On the other hand, these restaurants are getting this kind of publicity for some reason. And each place we've tried at a TV show's recommendation has not disappointed. So, a few weeks ago, we did it again. My parents and their friends were going to do some sight-seeing in Chicago with us, and they had the brilliant idea to head for one of Rick Bayless' restaurants. He has a veritable complex of eateries: the high-end Topolobampo, mid-range Frontera, and a lunch place, Xoco, with churros that smelled soooo good. Brunch at Frontera was all we could get reservations for, which was fine since that's where we had seen an amazing dish featured on Food Network's The Best Thing I Ever Ate.

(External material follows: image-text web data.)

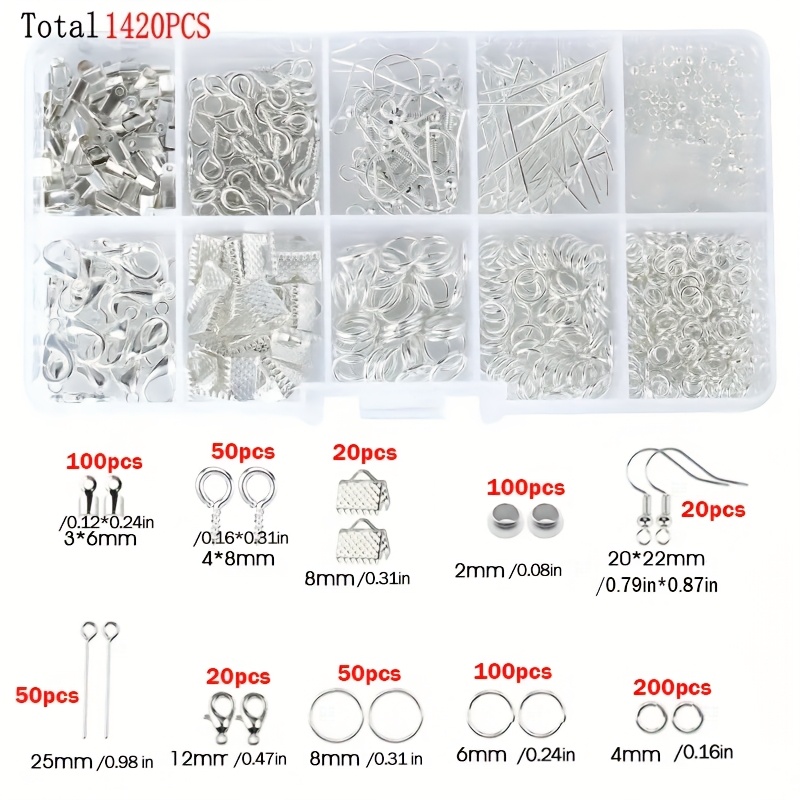 1420 szt. 1 pudełko Zestaw ele – Jewelry Making Ring Tool recenzja i cena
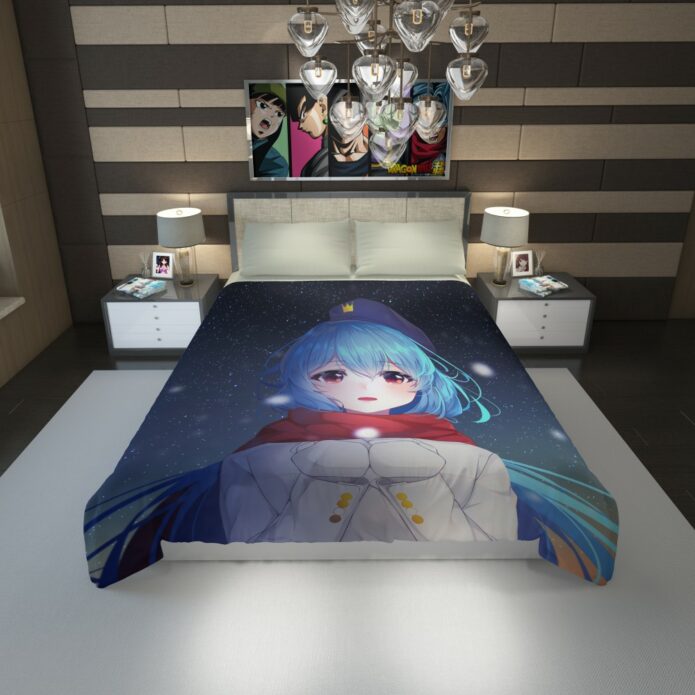 Original Anime Girl Cute Anime Duvet Cover 1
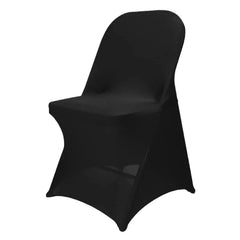 READOR 100Pcs stretch party banquet chair slipcovers black wedding spandex folding chair cover for weddings - SHOWLU FASHION STORE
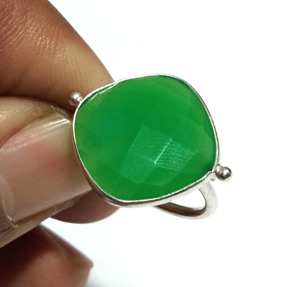 Bague en argent sterling 925 avec pierre précieuse en rubis naturel, style bohème fait main, bague statement unisexe, bijoux en gros KGN SILVER - Product Image 6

carne asada a la Oaxaquena

Matt and I shared this rib steak, which was easily the most flavorful, tender steak I've ever had. The smoky and slightly spicy sauce made the perfectly-cooked meat so succulent. Fried plantains topped with a bit of queso fresco and crema rounded out the meal as Bananas Foster's more subtle cousin. The other plates at the table were also good, but in my opinion none held a candle to that steak.

tacos al carbon with duck

sapitos: gorditas with chorizo & plantains, scrambled eggs, and chicken and black bean mole

frothy Mexican hot chocolate

chocolate hazelnut tart

The entire meal, from the tasty limeade margarita and chips and salsa to the desserts, was perfectly enjoyable. I would return to try the new menu when it changes. We even got to see chef Rick Bayless himself, making his rounds in the kitchen. Thank you again, food television.